→ **Work to complete**
After locating the line that contains "TARGUS PRO-TEK UNIVERSAL", quote it and all lines after it through the end of the entries, and nothing more. Pictures stay out.

→ **Records from a dataset**

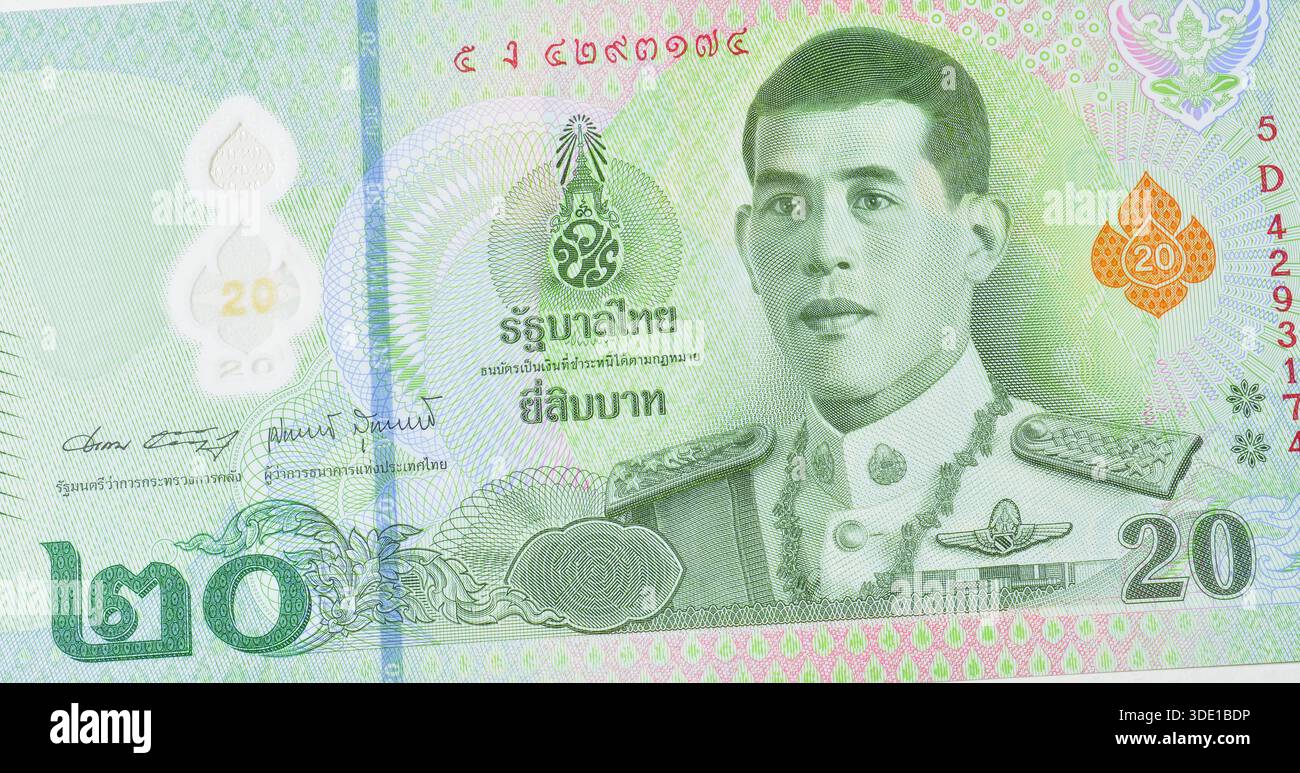 King vajiralongkorn hi-res stock photography and images - Alamy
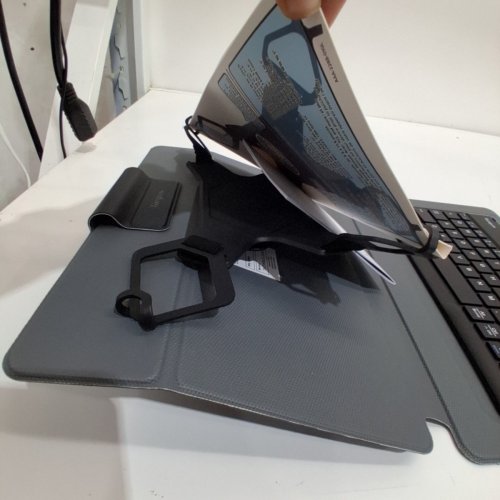 TARGUS PRO-TEK UNIVERSAL BLUETOOTH KEYBOARD CASE - 9.5-11.5" TABLETS - BLACK (MODEL: AKB861A) image 5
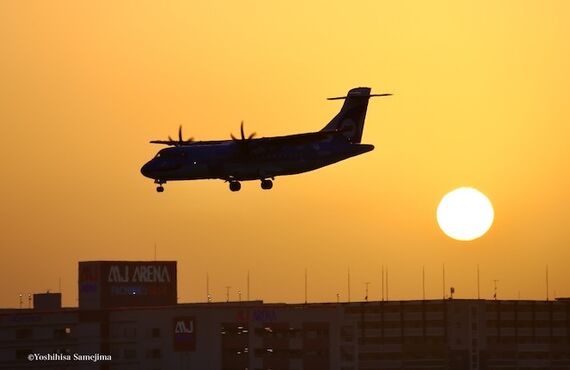福岡空港展望デッキで夕景を撮影してきました。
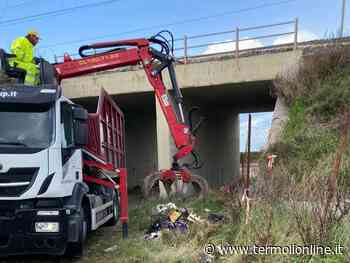 Il freddo non ferma gli sporcaccioni: ancora rifiuti in Contrada Fucilieri - Termoli Online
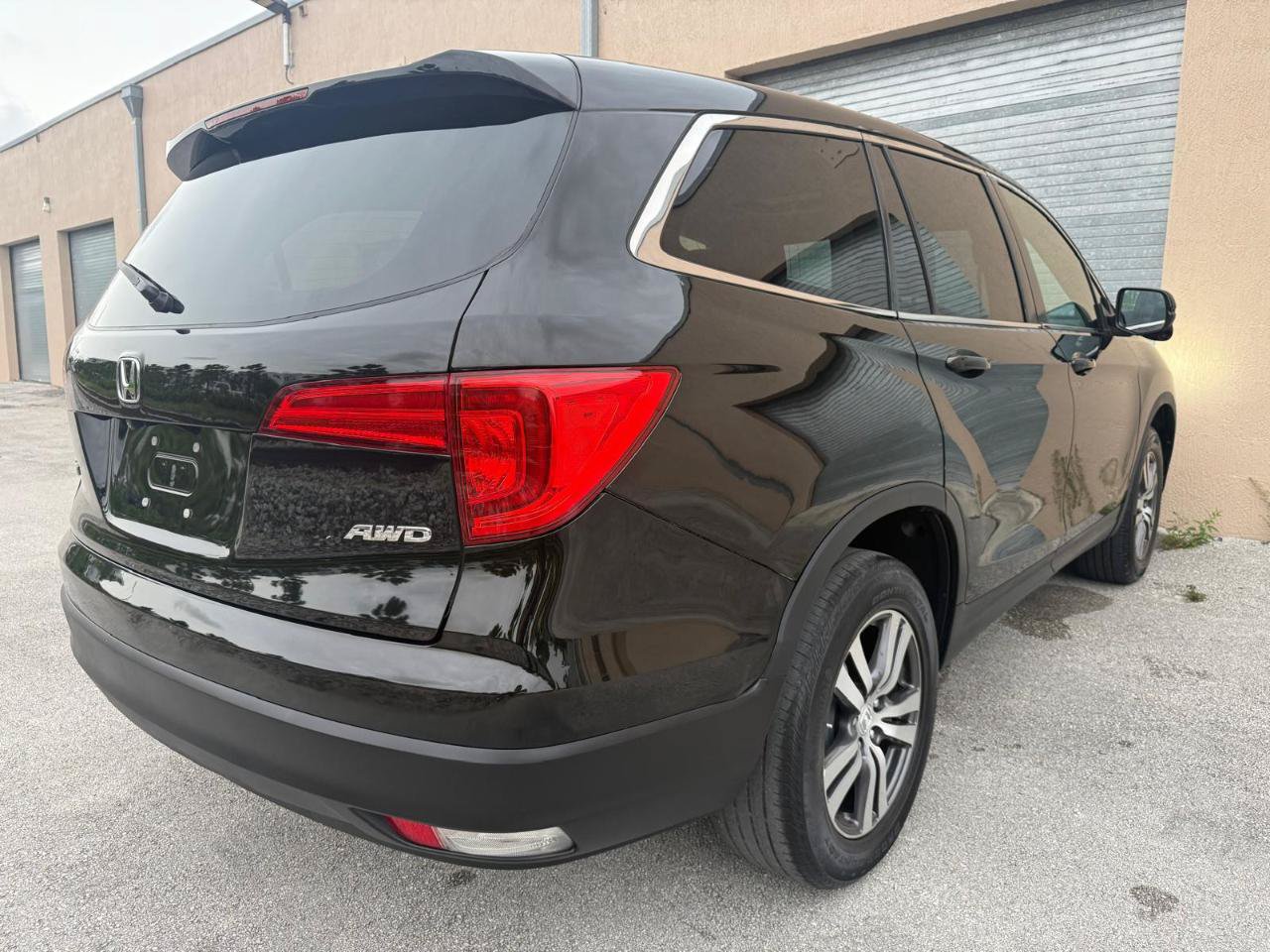 Used 2016 Honda Pilot EX-L image 5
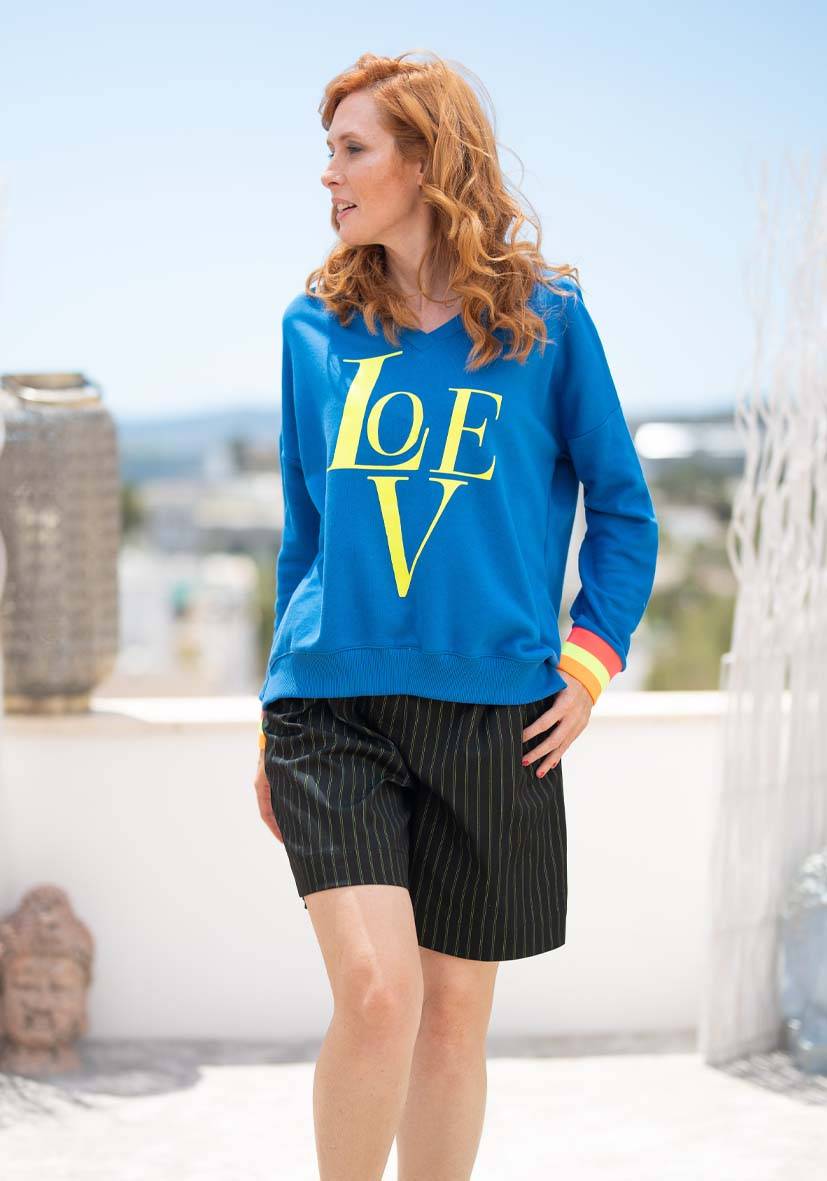 Miss Goodlife V-Neck Love – blue 50% Rabatt mit kostenlosem Versand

→ **Expected answer**
 TARGUS PRO-TEK UNIVERSAL BLUETOOTH KEYBOARD CASE - 9.5-11.5" TABLETS - BLACK (MODEL: AKB861A) image 5
福岡空港展望デッキで夕景を撮影してきました。
 Il freddo non ferma gli sporcaccioni: ancora rifiuti in Contrada Fucilieri - Termoli Online
 Used 2016 Honda Pilot EX-L image 5
 Miss Goodlife V-Neck Love – blue 50% Rabatt mit kostenlosem Versand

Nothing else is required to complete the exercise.